Did we suggest that having several servers was serious? We lied. The place where our servers live, the data center, also has several redundancies in place. Extra network lines, separate power sources, multiple generators, air conditioning and ventilation, everything a server can require.
Yet, some have joked that a common backhoe is the natural enemy of the Internet. There is more truth to that statement than its apparent lack of gravitas might suggest. Data centers are geographically insecure. Inclement weather, natural disasters, disrupted backbones, power outages, and of course, accidentally damaged trunk lines (from an errant backhoe?), and simple human error can all remove a data center from the grid. When a data center vanishes from the Internet, our servers become collateral damage.
However, we've done everything right! We have duplicates of everything, multiple parts, cables, even whole servers. What can we possibly do about the data center?
Well, it's complicated...
For this section, we will need a list of every database server in our proposed architecture, and the desired role for each.
This won't be a very long list. In any case, follow these steps:
- For every critical OLTP operating pair, allocate at least one standby.
- For every two online standby replicas, consider at least one standby.
- For every other database instance, allocate one standby.
This type of scenario is known as Disaster Recovery. In order to truly diffuse a data center outage, we need backups of every major database server, and even minor servers. The reasoning is simple: we don't know how long we have to operate at reduced capacity. At that point, even non-critical reporting services still need analogs, otherwise business decisions that depend on activity analysis may not be possible.

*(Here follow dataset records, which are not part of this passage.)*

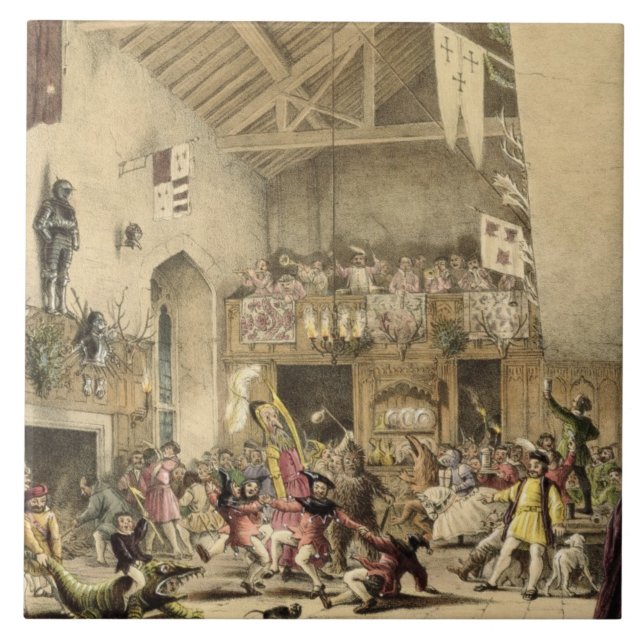 Twelfth Night Revels in the Great Hall, Haddon Hal Tile (Front)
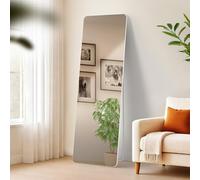 CLP Grand Miroir Gurnee, Miroir à Poser et Miroir Mural en Un, Miroir intégral Cadre métallique en Plusieurs Tailles et Couleurs, Couleur:Blanc Mat, Taille:160x50 cm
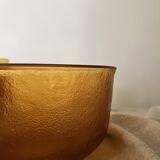 large vintage salad bowl in smoked and amber glass, France 1970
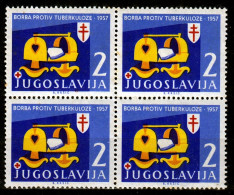 Action !! SALE !! 50 % OFF !! ⁕ Yugoslavia 1957 ⁕ Red Cross / Fight Against Tuberculosis ⁕ MNH Block Of 4 - Beneficenza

We only really need half the amount of database servers, as most disaster recovery scenarios are severe enough for raised alertness, reduced refresh times, manually extended queue timeouts, and more. Not only is this less expensive than having a copy of every server as the primary data center, but it also encourages closer monitoring until it can be restored. Larger companies can opt for complete parity between data centers, but this is not a requirement.
As DBAs, our scenario often resembles this:
Notice that we didn't make any reservations for QA or development database servers. In the case of a disaster, the primary concern is ensuring the continued availability of the application platform. Further development or testing is likely on hold for the duration of the outage in any case.
We cannot stress the importance of this section strongly enough. Some may consider an entire extra data center as optional due to the cost. It is not. Others may think a total of three servers for every primary system is too much maintenance overhead. Again, it is not. The price of a few servers must be weighed against the future of the company itself; it is the cost of admission into the world of high availability.
By the time we begin utilizing failover nodes, or any replicas in a separate data center, the damage has already been done. In the absence of these resources, a database crash can result in hours or even days of unavailability depending on the size of our database, exponentially compounding the effects of the original problem.
With this in mind, all critical production systems the author designs always have a minimum of four nodes: two mirrored production systems, and two mirrored disaster recovery analogs. This ensures even the disaster recovery system is online with one node while the other node is experiencing maintenance. Outages are unexpected, and we must always be prepared for them.